Ada yang aneh dengan pengajuan Menkeu Agus Martowardoyo untuk menjadi Gubernur Bank Indonesia (BI). Sebelumnya, tahun 2008 lalu, Agus Martowardoyo (bersama Raden Pardede) juga pernah diajukan untuk menjadi Gubernur BI menggantikan Burhanuddin Abdullah. Tetapi, pengajuan itu ditolak oleh DPR. Saat itu, Agus adalah Direktur Utama Bank Mandiri. Penolakan tersebut memaksa Presiden SBY harus mengajukan calon lain, yaitu Menko Perekonomian Boediono. Saat itu, penolakan DPR terhadap Agus Martowardoyo adalah karena DPR menilai bahwa Agus tidak punya kapabilitas dalam mengelola moneter, karena profesi Agus sebelumnya hanya berkiprah di perbankan (banking).
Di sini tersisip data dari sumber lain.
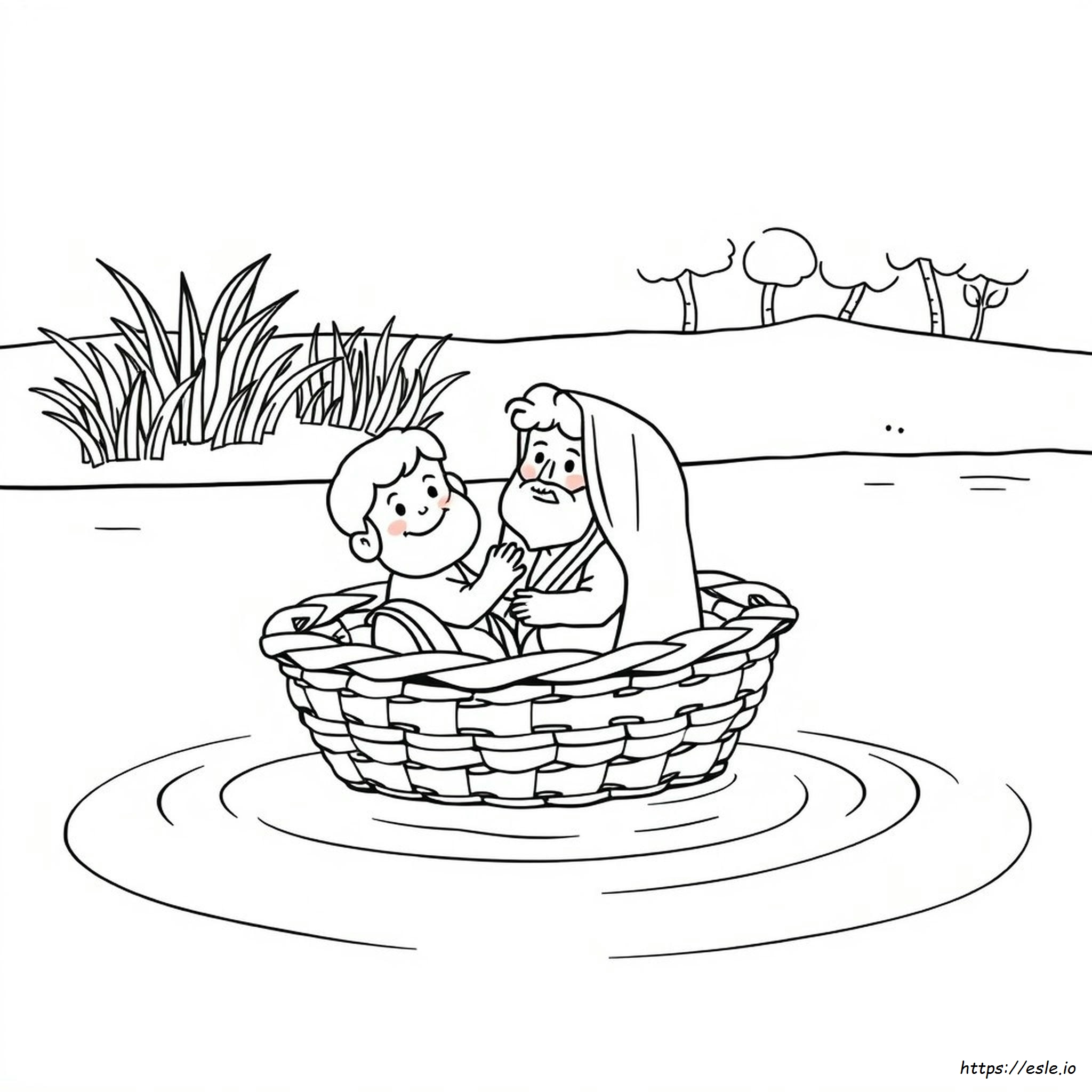 Moses In The Basket Coloring Page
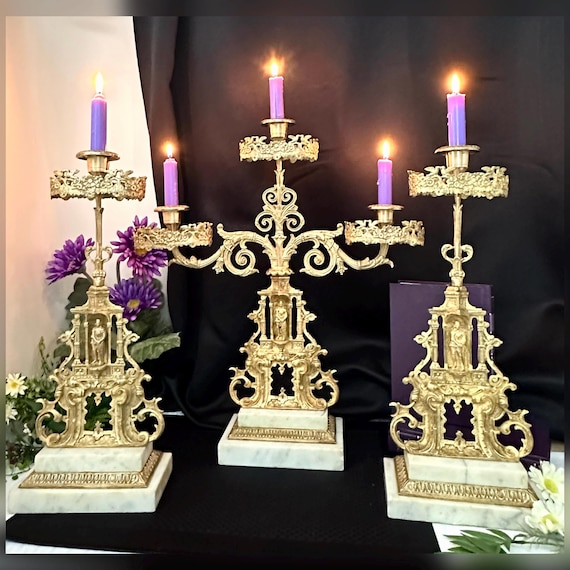 Antique Cornelius & Company Girandoles / Gilt Brass and Stone Candlesticks / Antique Cast Brass Cornelius and Company Set of Girandoles - 3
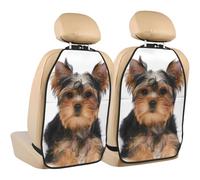 Poadnly Yorkshire Terrier Lies On White,2 Pack Car Seat Kick Mats Back Seat Protector Durable Back Seat Organiser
Banking dengan moneter tentu saja berbeda, walau sama-sama terkait uang.
Agus Martowardoyo (Sumber foto: http://bisniskeuangan.kompas.com)
Tahun ini, setelah 5 tahun berlalu, setelah dua gubernur berlalu, kembali SBY hendak mengajukan Agus Martowardoyo untuk menduduki posisi tersebut. Posisi Agus sebagai Menkeu, seharusnya tidak diutak-atik SBY, mengingat posisi menteri keuangan adalah posisi critical dalam suatu pemerintahan. Di beberapa negara, posisi menkeu bisa dianggap merupakan posisi menteri terpenting dalam suatu pemerintahan, sebagaimana dulu hal itu dilakukan oleh Pak Harto, hingga jabatan Menkeu dijabat orang yang sama untuk beberapa periode. Apalagi, Menkeu Agus pernah dinobatkan sebagai Menkeu terbaik se-Asia versi majalah Banker, tepat setahun yang lalu, atas keberhasilannya dalam hal menyokong pertumbuhan ekonomi mencapai 6,46 persen, membawa perubahan pada pelaksanaan anggaran dan perencanaan keuangan, meningkatkan iklim investasi di Indonesia, serta mengatur anggaran tahun 2011 secara hati-hati. Apakah pengusulan Menkeu Agus sebagai calon orang nomor satu di Bank Indonesia adalah pilihan yang tepat? Apakah posisi kementerian keuangan yang menangani dan mengendalikan anggaran adalah kalah penting dibanding posisi gubernur Bank Indonesia yang mengendalikan moneter? Tentu hanya SBY dan orang dekatnya yang tahu hal itu. Tahun 2008, ketika Boediono dicalonkan menjadi gubernur BI, DPR menerimanya secara aklamasi. Kemudian, sekitar setahun kemudian, Boediono resign dari jabatannya karena beliau digandeng oleh SBY untuk menjadi wakilnya dalam kontestasi RI1/RI2. Ada hal yang aneh dalam masa tugas Boediono yang meninggalkan jabatannya. Boediono di kemudian hari dikenal punya peran besar dalam pencairan dana talangan (bailout) Century, sementara Menkeu Agus Martowardoyo saat ini sedang disorot atas peran dan tanggung jawabnya dalam pencairan dana Hambalang, yang mana oleh BKP dalam laporan auditnya menyatakan bahwa Menkeu Agus Martowardoyo melakukan kesalahan karena mengucurkan dana triliunan tanpa tanda tangan pengguna anggaran, sebagaimana dipersyaratkan Peraturan Presiden Nomor 54 Tahun 2010 tentang Pengadaan Barang/Jasa Pemerintah. Dalam kondisi seperti ini, semestinya SBY tidak mencobot Agus dari jabatannya sekarang. Biarkan dia tetap ada di sana, hingga KPK selesai menyelidiki peran sertanya dalam pencairan dan penggunaan dana Hambalang. Atau, seandainya nanti Agus menduduki Gubernur BI tetapi kemudian dia dinyatakan tersangka oleh KPK, maka usaha SBY dalam menegakkan moneter akan sia-sia saja, sebagaimana dulu dengan Boediono yang harus meninggalkan tugas dan tanggung jawabnya.